La confusion concerne d’abord les agents de police municipale, qui se trouvent, par la force des choses, contraints d’accomplir de nouvelles missions de répression dévolues en principe aux forces nationales, au détriment de leurs missions traditionnelles de prévention et de proximité, pourtant essentielles.

Mais elle s’installe aussi dans l’esprit des citoyens, entretenue par la similarité des uniformes et des équipements. Ses conséquences peuvent être très dommageables. Les habitants sont en effet conduits à penser – je m’y suis moi-même déjà trompée – que l’ensemble des policiers, qu’ils soient nationaux ou municipaux, ont pour tâche principale de combattre les crimes et délits, de rechercher leur auteur et de les livrer à la justice.

On devine la pression supplémentaire qui pèse sur les policiers municipaux face à des citoyens qui risquent de voir leurs espérances déçues du fait du décalage entre les nouvelles missions assignées aux policiers municipaux et les moyens juridiques dont ils disposent.

On devine le mal-être de ces policiers, qui, du fait des nouvelles charges qu’ils subissent, ont le sentiment légitime de ne pas être reconnus à leur juste valeur.

S’agissant de l’armement des polices municipales, je n’y suis personnellement pas favorable, quelle que soit la nature des armes. Mais, au-delà de mon opinion, on devine que la polémique à ce sujet dissimule en réalité un débat plus large lié, là aussi, aux missions qui ne leur échoient qu’en raison du désengagement de l’État.

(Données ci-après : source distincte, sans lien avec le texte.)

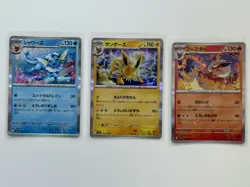 EEVEELUTIONS Scarlet & Violet 151 Japanese HOLO RARE Pokemon Lot 3 Cards Flareon - Image 3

La seule issue à ces problèmes est une réappropriation par l’État de sa mission régalienne. En la matière, notre position est claire : la sécurité n’est pas l’affaire des municipalités, mais de l’État.

Pour éviter le développement d’une sécurité à double vitesse, je suis favorable, à l’inverse de Jean-Pierre Plancade, à la création, à terme, d’un grand service public où seraient regroupées les polices municipales, la police nationale et la gendarmerie nationale, et où le rôle des différentes forces serait clairement défini, de façon à mettre un terme à ces confusions, dans l’intérêt des citoyens comme des policiers.

M. Jean-Pierre Plancade. Ce n’est pas incompatible avec la décentralisation !

Mme Éliane Assassi. Certes, mais ce n’est quand même pas tout à fait le même projet. J’espère que le débat de ce matin ouvrira la voie à un débat plus ample, qui nous permettra éventuellement de trancher la question.

Je pense que cette proposition aurait la vertu de clarifier le statut social des policiers municipaux. Elle est ambitieuse, c’est vrai, mais elle mériterait, comme d’autres propositions, dont la vôtre, d’être débattue.

Nous avons réclamé, il y a quelque temps déjà, une réflexion globale sur la police municipale. Ce travail étant maintenant impulsé par ce rapport, il reste à agir !

Nous savons, monsieur le ministre, que vous avez reçu les syndicats représentatifs des policiers municipaux. Peut-être nous apporterez-vous des éléments de réponse sur les intentions de l’État en la matière.